How do we encourage men to use flexibility?
Our research identified that the majority of fathers remain reluctant to use flexibility, and the barriers are primarily cultural, specifically gendered, in nature. Encouraging men generally and fathers specifically to challenge these cultural barriers is necessary to break them down, but they also need support in order to do this effectively. One thing that the Scandinavian countries have shown us is that culture change is incredibly important. With a focus on increasing father’s use of parental leave for the past 40 years, Sweden in particular has seen a large increase in fathers using parental leave and flexibility after the birth of children, and this has come to be an accepted and expected norm. Importantly, the change in social norms and expectations was facilitated by the change in government policy which encouraged uptake of parental leave by fathers.

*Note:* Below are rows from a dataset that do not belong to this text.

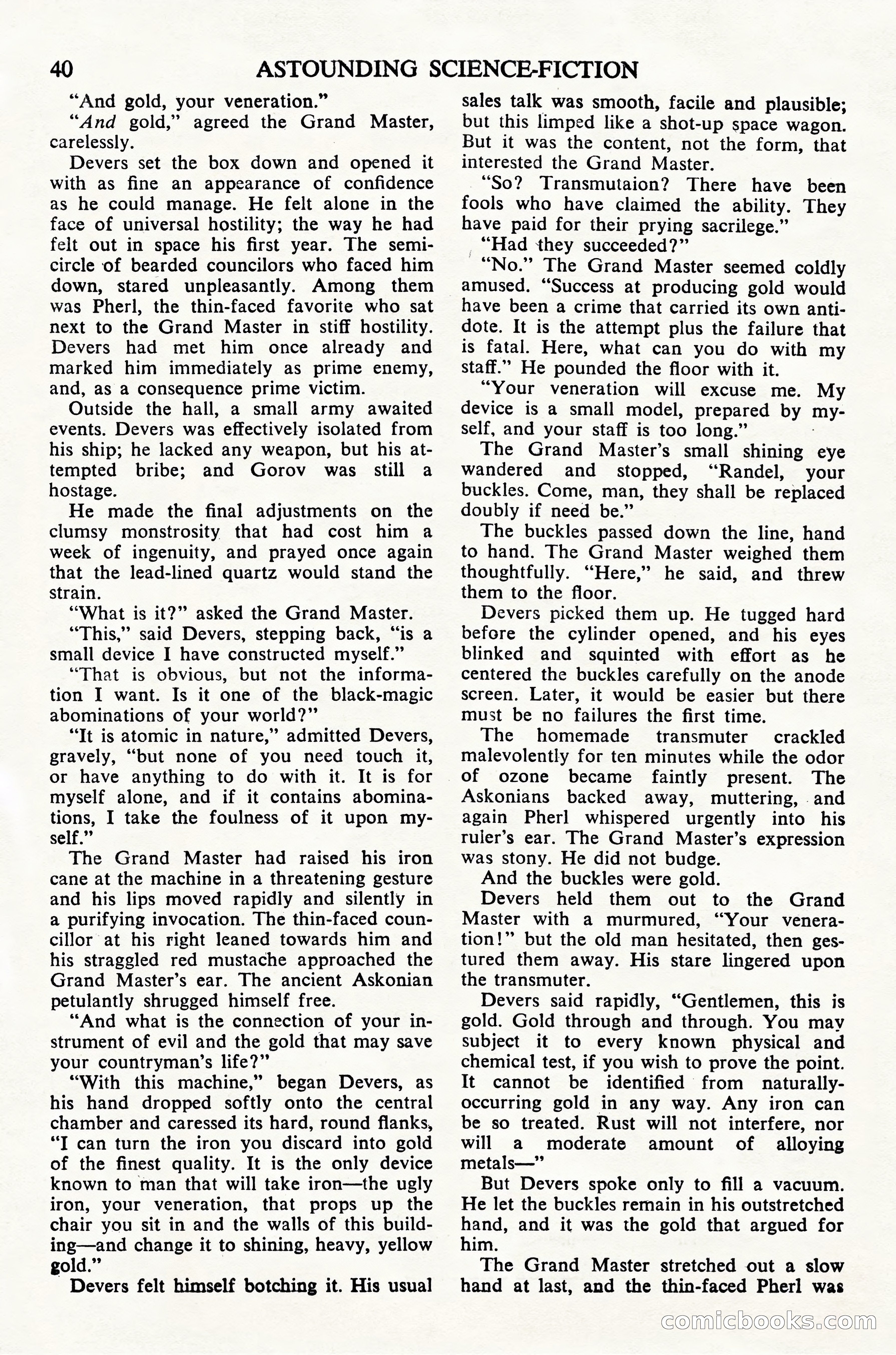 Astounding Science Fiction, British Edition — page 42 of 68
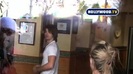 Miley Cyrus Sign Autographs For Fans At Market City. 082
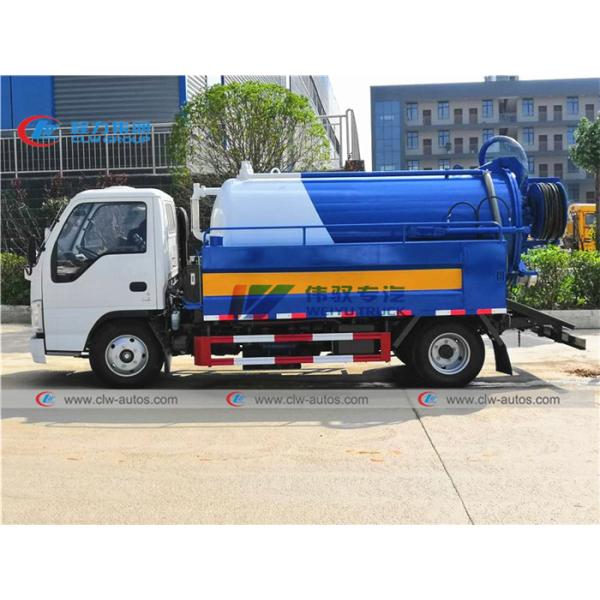 Euro V Diesel Engine 4000L 98HP ISUZU Sewage Pump Truck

So, tangible and practical policy change will play a key role in encouraging more fathers to use flexibility and particularly parental leave in Australia. What can be said about the Dad and Partner Pay initiative is that, given the cultural value that continues to be placed on breadwinner status, and also the probability that a male partner will be, overall, earning more than his female partner, the initiative falls short of offering an adequate solution to the issue of paternity leave. Our research indicates that, if we want to encourage fathers to step away from paid work and engage more fully in fathering, policies need to convey the value associated with that role – to provide cultural support, but practical support also.
A wealth of evidence-based research also means that there is no denying that when fathers are provided with well-compensated and specific leave, they are very likely to take it. This is an important consideration given that research is now emerging from around the globe showing that when fathers are involved early on in an infant’s life, they are more likely to maintain that involvement as the child grows and throughout the child’s life long-term.
Policy change thus represents an important facilitator not only in encouraging fathers to take leave but also in father involvement in children’s lives in the longer term. As a country, there is a need to show fathers that their involvement is valuable and that time off from paid work for family reasons is a right not a privilege. This needs to start with more inclusive and supportive policy, and, as was the case in Sweden, it is likely that broad culture change will follow.